"Mégabassines" : la justice réduit d'un quart les prélèvements d'eau dans le Marais poitevin

Dans une décision rendue ce 9 juillet, la justice administrative a réduit provisoirement d'un quart les prélèvements d'eau pour l'irrigation agricole dans le Marais poitevin. Saisi par l'association Nature Environnement 17, le tribunal administratif de Poitiers a annulé l'autorisation unique pluriannuelle de prélèvement (AUPP), délivrée en novembre 2021 et qui courait jusqu'en 2026, comme il l'avait déjà fait il y cinq ans, pour les mêmes raisons, avec la précédente AUPP. Le tribunal a constaté que les niveaux de prélèvement étaient "similaires à ceux mentionnés dans la première autorisation" annulée en 2019, qu'il jugeait déjà "excessifs", "la création de réserves de substitution (dites aussi 'mégabassines')" entraînant "une augmentation nette des prélèvements annuels". C'est également le cas avec la nouvelle autorisation délivrée en 2021, "les prélèvements hivernaux projetés dans le cadre de la création de nouvelles réserves de substitution n'étant pas compensés par une baisse des prélèvements estivaux", ajoute-t-il dans un communiqué.

Les partisans de ces réserves, destinées à stocker de l'eau puisée dans les nappes en hiver pour irriguer les cultures en été, y voient une assurance-récolte indispensable face aux sécheresses à répétition.
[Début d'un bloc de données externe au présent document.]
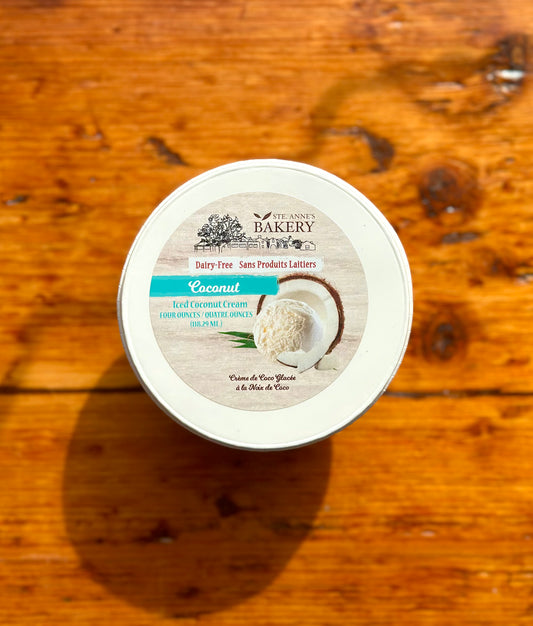 Dairy-Free Coconut Ice Cream 4oz by Ste. Anne’s Bakery (Single Serving)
Les détracteurs des "mégabassines" dénoncent, eux, un "accaparement" de l'eau par l'agro-industrie. 

Suivant les préconisations du rapporteur public à l'audience le 18 juin, le tribunal a toutefois "délivré à l'EPMP (établissement public du Marais poitevin) une autorisation de prélèvement provisoire", pour "permettre la poursuite de l'irrigation dans des proportions raisonnables". Le volume total annuel de cette autorisation provisoire est de 67,6 millions de m3, contre 87 millions de m3 dans l'AUPP de novembre 2021 délivrée par les préfectures de Vendée, Deux-Sèvres, Charente-Maritime et Vienne à l'EPMP, chargé de répartir l'eau entre les irrigants de ce territoire en déficit structurel.

"Le préfet de région Nouvelle-Aquitaine, préfet coordonnateur des actions de l'État pour le Marais poitevin, prend acte" de cette annulation, a indiqué à l'AFP la préfecture, précisant qu'il allait "saisir le ministère en charge de la Transition Ecologique pour faire appel de cette décision et demander un sursis à exécution".

La Coop de l'eau, collectif d'agriculteurs qui porte le projet de retenues dans les Deux-Sèvres, a dénoncé une décision "incohérente" qui "fragilise le principe même de gestion collective de l'eau". "Elle anéantit tout le travail de dialogue et de concertation mis en place depuis des années sur le territoire pour permettre une répartition raisonnée, équilibrée et durable de la ressource, la prise en compte du changement climatique et la mise en oeuvre de protocoles de gestion permettant d'anticiper les situations de crise", ajoute-t-il dans un communiqué.

À l'audience, le 18 juin, un représentant de la préfecture de Vendée avait souligné qu'une telle décision pèserait fortement sur la saison agricole actuelle, dont les assolements ont été faits en fonction de l'autorisation en vigueur. Au-delà, ce jugement, en bridant la capacité globale de prélèvement d'eau, pourrait compromettre le remplissage des réserves de substitution, actuelles ou futures. Voire obérer l'avenir de ce que l'administration, et d'autres juridictions administratives, considèrent comme un outil pour parvenir à l'équilibre de la ressource dans le Marais poitevin et ailleurs.